To inspect all three files at once:
python - <<'PY'
import json
from pathlib import Path
root = Path("/path/to/your/model")
print("tokenizer_config.json eos_token ->",
json.load(open(root / "tokenizer_config.json")).get("eos_token"))
print("config.json eos_token_id ->",
json.load(open(root / "config.json")).get("eos_token_id"))

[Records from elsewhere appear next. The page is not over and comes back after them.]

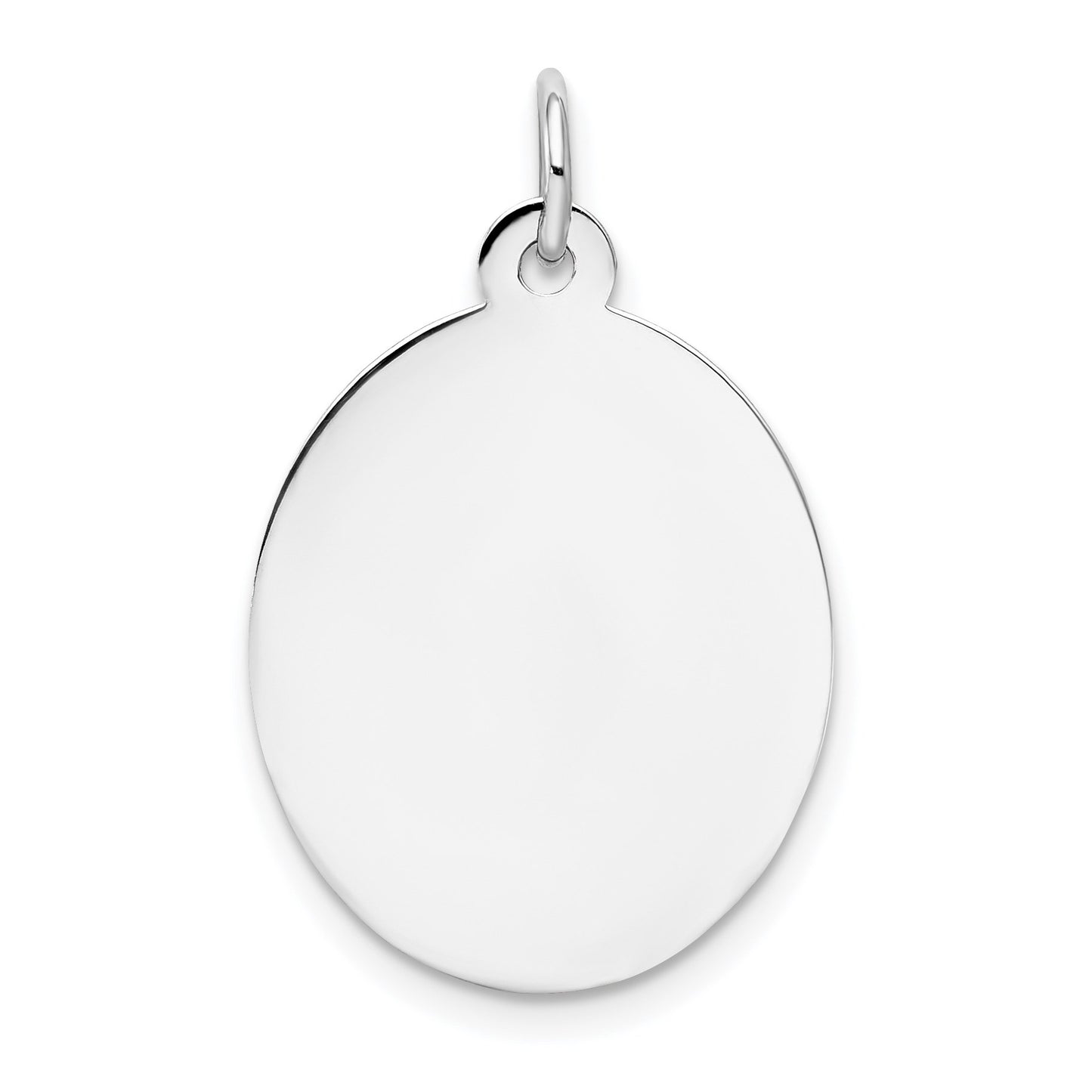 14k White Gold Plain 19.7x16.5mm .018 Gauge Oval Engravable Disc Charm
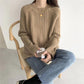 Autumn and Winter Loose Jacket Mid-length Casual Solid Color Sweater Round Neck Pullover Young Women's Top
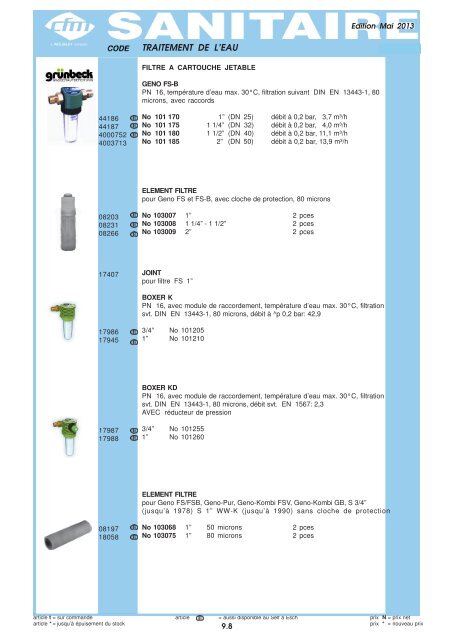 Catalogue Sanitaire - Cfm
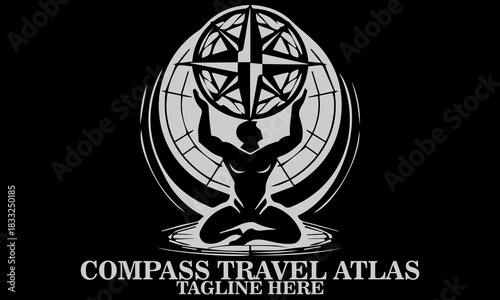 Compass travel atlas logo. Compass travel atlas vector illustration, vector of atlas kneeling and holding a compass rose or cardinal points symbol above his head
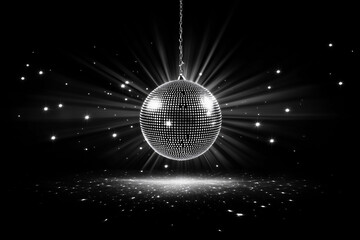 A sparkling disco ball hanging in a dark space, reflecting light and creating a starry effect on the ground.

gc = root / "generation_config.json"
if gc.is_file():
print("generation_config.json eos_token_id ->",
json.load(open(gc)).get("eos_token_id"))
else:
print("generation_config.json (absent; generate() will fall back to model.config)")
PY
If the three files disagree on which token marks end-of-sequence, the
third value is what generate() will use.
Patching a model by hand¶
Editing generation_config.json is safe -- eos_token_id only affects
the stopping criterion. It is never read during the training forward
pass or loss computation, so no retraining is needed.
import json
GEN_CONFIG = "/path/to/your/model/generation_config.json"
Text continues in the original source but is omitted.